Si chiarisce che nel caso in cui la cartella di pagamento sia stata notificata dal concessionario oltre la decorrenza del termine di decadenza o prescrizione, senza che siano intercorsi atti interruttivi, le somme iscritte a ruolo sono annullate di diritto e considerate automaticamente discaricate dai relativi ruoli. Lo scopo è quello di evitare di costringere il contribuente a ricorrere all’autorità giudiziaria per ottenere una pronuncia di annullamento.

In tale ottica, si introduce altresì una forma di responsabilità diretta del concessionario che promuova un atto della procedura cautelare o esecutiva in forza di una cartella di pagamento per la quale sia già decorso il termine di prescrizione, obbligandolo a indennizzare il contribuente mediante il pagamento di una somma pari al triplo di quella, complessiva, per la quale ha agito in via cautelare o esecutiva.

Comunicazione debiti fino a 1000 euro

Infine, si prevede che in tutti i casi di riscossione coattiva di debiti fino a 1.000 euro , la comunicazione contenente il dettaglio delle iscrizioni a ruolo debba essere inviata mediante posta raccomandata anziché posta ordinaria.

Chiarimenti notifica cartelle

La proposta introduce chiarimenti in tema di notificazioni degli atti della procedura di accertamento e riscossione. Sia l’Agenzia delle Entrate Riscossione che gli enti creditori, infatti, in caso di notifica con il servizio postale, interpretano il termine loro riferito di decadenza o prescrizione, con la data di consegna al gestore del servizio postale e non con quello di consegna al destinatario.

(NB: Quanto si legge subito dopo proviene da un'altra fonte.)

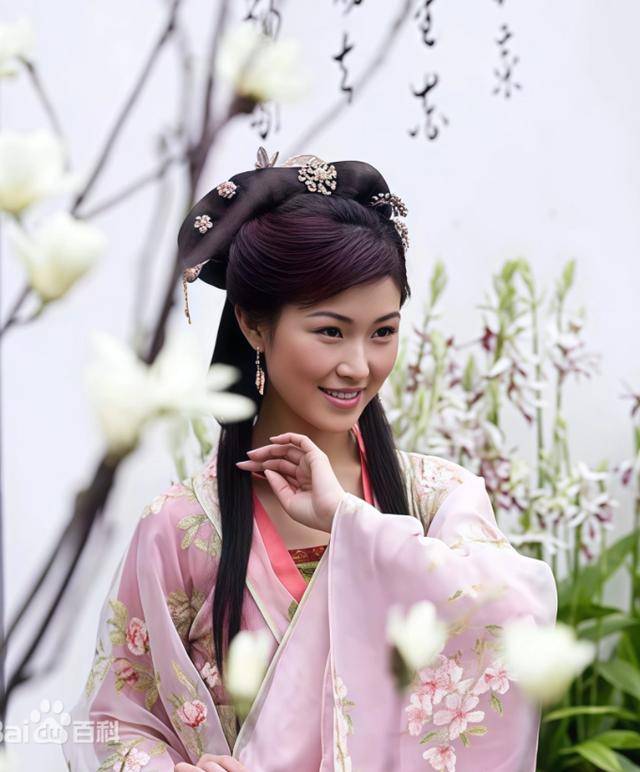 TVB“御用闲人”离巢后转型网红，51岁冻龄有术，月入六位数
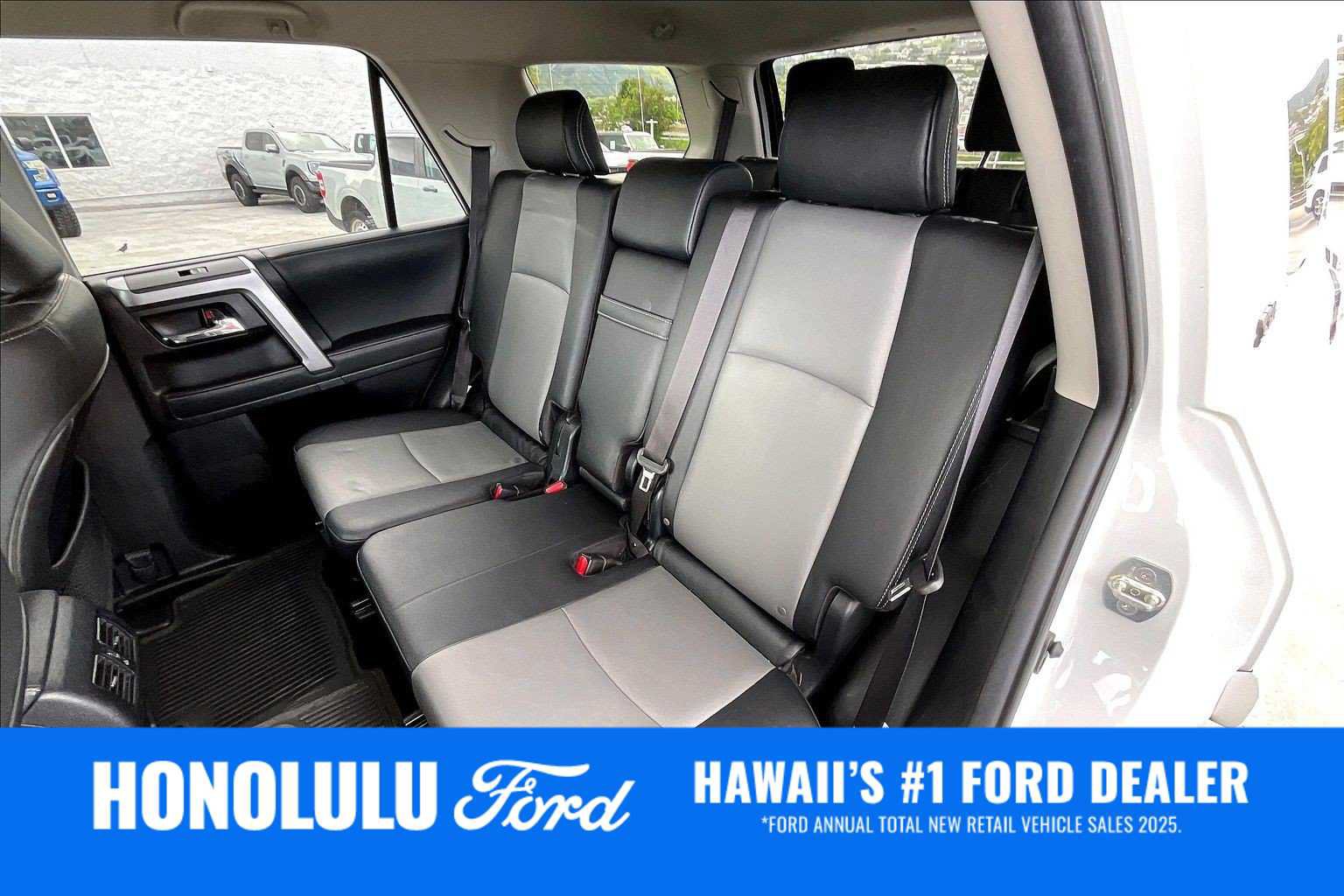 Used 2024 Toyota 4Runner SR5 Premium RWD image 29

La modifica che si propone, dunque, mira a risolvere il contrasto giurisprudenziale esistente sul punto, chiarendo che nei casi di notifiche a mezzo del servizio postale o di posta elettronica certificata, eseguite nell’ambito di procedure di accertamento e riscossione nonché cautelari o esecutive, ivi comprese le procedure amministrative connesse, i termini di decadenza e di prescrizione previsti per la notifica degli atti di accertamento, riscossione o esecutivi si intendono riferiti alla data di effettiva ricezione dell’atto da parte del contribuente e non alla data di consegna al servizio postale o al gestore del servizio di posta elettronica certificata.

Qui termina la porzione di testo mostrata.